Sociedad Puerto Industrial de Aguadulce S.A. (SPIA), a unit of International Container Terminal Services (ICTSI) in Colombia, recently received four super post Panamax quay cranes (QCs) and five rubber-tired gantries (RTGs) as it enters the final stage of preparation for the operational launch in 2016 of the Aguadulce Multi-User Container Terminal (AMCT) at the Port of Buenaventura, Colombia.
Manufactured by Shanghai Zhenhua Heavy Industry (ZPMC), the cranes can reach up to 65 metres into the water and perform up to 40 moves per hour.
With a maximum lift height of 46 metres, the QCs are capable of servicing 18,000-TEU Triple E class vessels.
The equipment purchase is part of ICTSI’s US$545 million total investment in the Port of Buenaventura.
Development of the AMCT is divided into three phases.

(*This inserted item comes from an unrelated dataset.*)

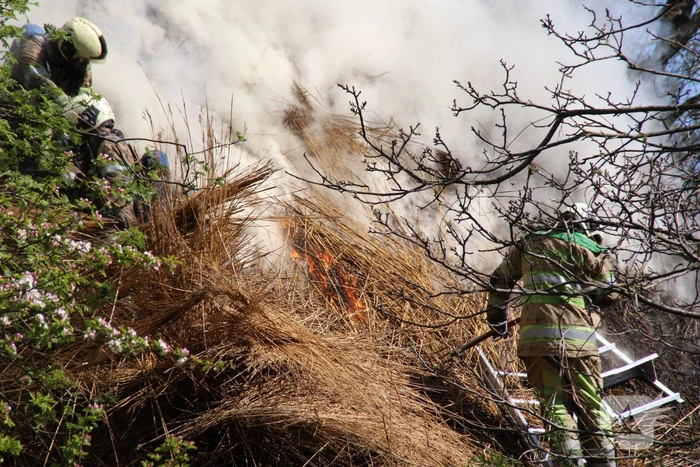 Brand in rieten dak van woonboerderij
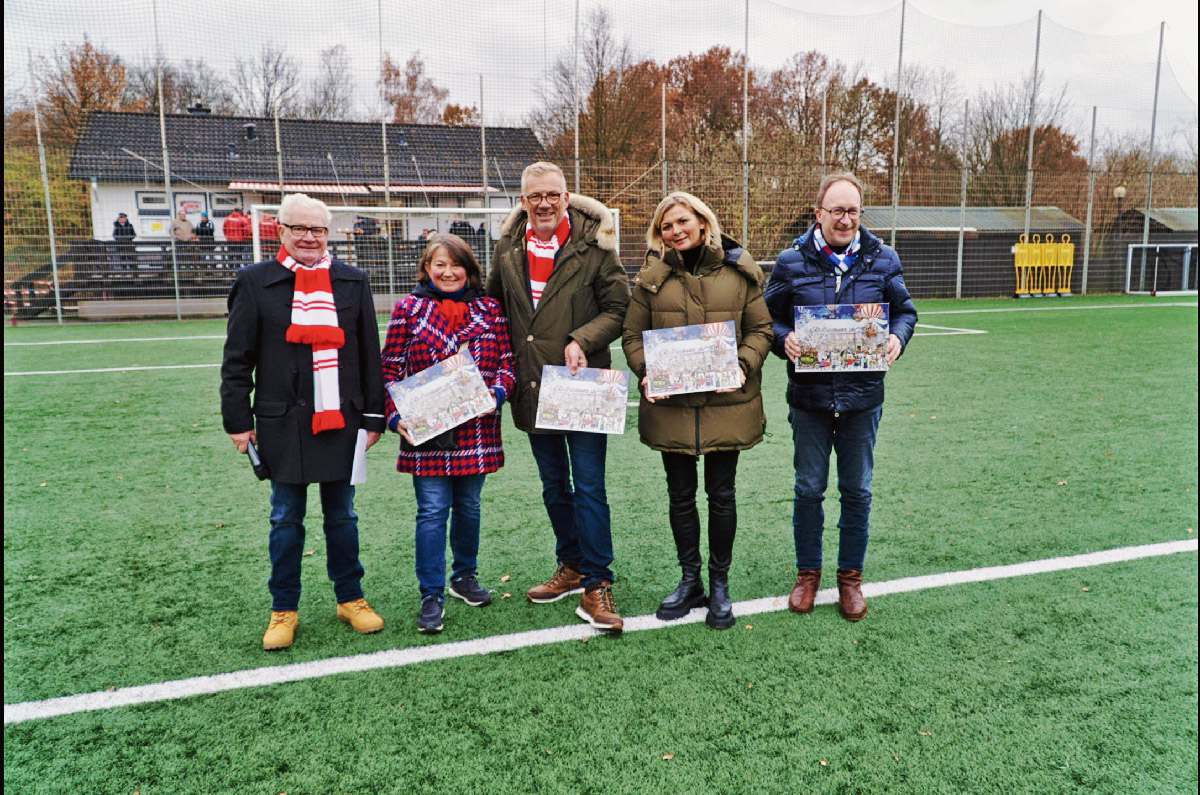 Foto: KH Becker – v.l. Norbert Maibaum (FCH05-Presse- und Stadionsprecher), Frau Andrea Hoppen-Weiss und Frau Martina Wirtz für die KiJu, Clemens Wirtz (FCH05-Präsident) und Thomas Wallau für die Stiftung Altenhilfe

The first phase, which is slated for completion by April 2016, will yield an annual capacity of around 600,000 TEU.
First phase development includes a 600-metre berth length with a 14.5-metre controlling depth, an 11-ha container yard, and a 21-kilometre access road leading to the terminal.
ICTSI acquired stakes in two Panamanian companies to gain effective control of SPIA, which owns 240 hectares of land in the Aguadulce Peninsula and its surroundings.

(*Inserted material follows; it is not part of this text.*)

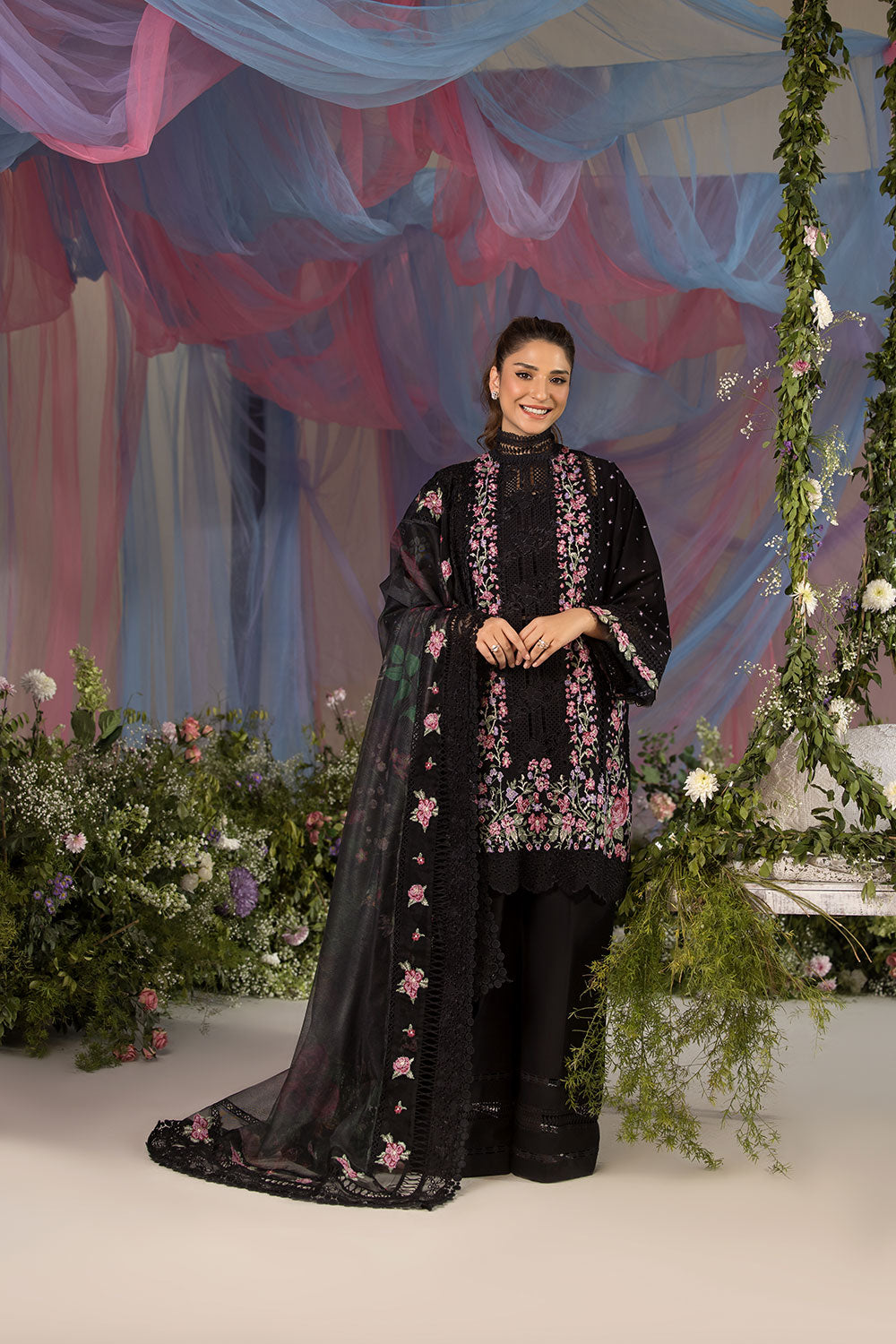 Sobia Nazir | Luxury Lawn 25 | 4B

In 2013, ICTSI and PSA International Singapore entered into an agreement to jointly develop and operate the container terminal and its ancillary facilities.
ICTSI’s most recent project involves the implementation of the TABS system in Manila in a bid to minimise road traffic and prevent container build-ups.

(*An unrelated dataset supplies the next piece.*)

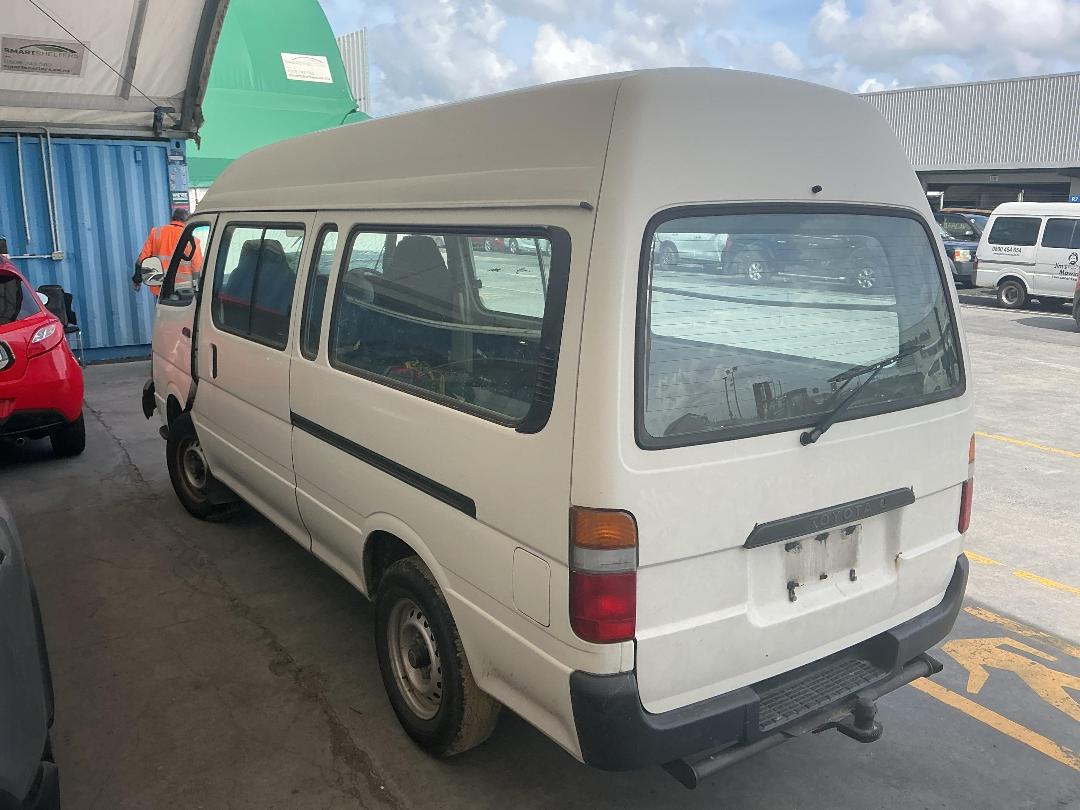 Photo '10' of Toyota Hiace Photo '10' of Toyota Hiace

Fact File: About ICTSI Headquartered and established in 1988 in Manila, Philippines, International Container Terminal Services, Inc. (ICTSI) is in the business of port operations, management and development. ICTSI’s portfolio of terminals and projects spans developed and emerging market economies in the Asia Pacific, the Americas, Europe and the Middle East, and Africa. ICTSI has received global acclaim for its public-private partnerships with governments divesting of their port assets to the private sector.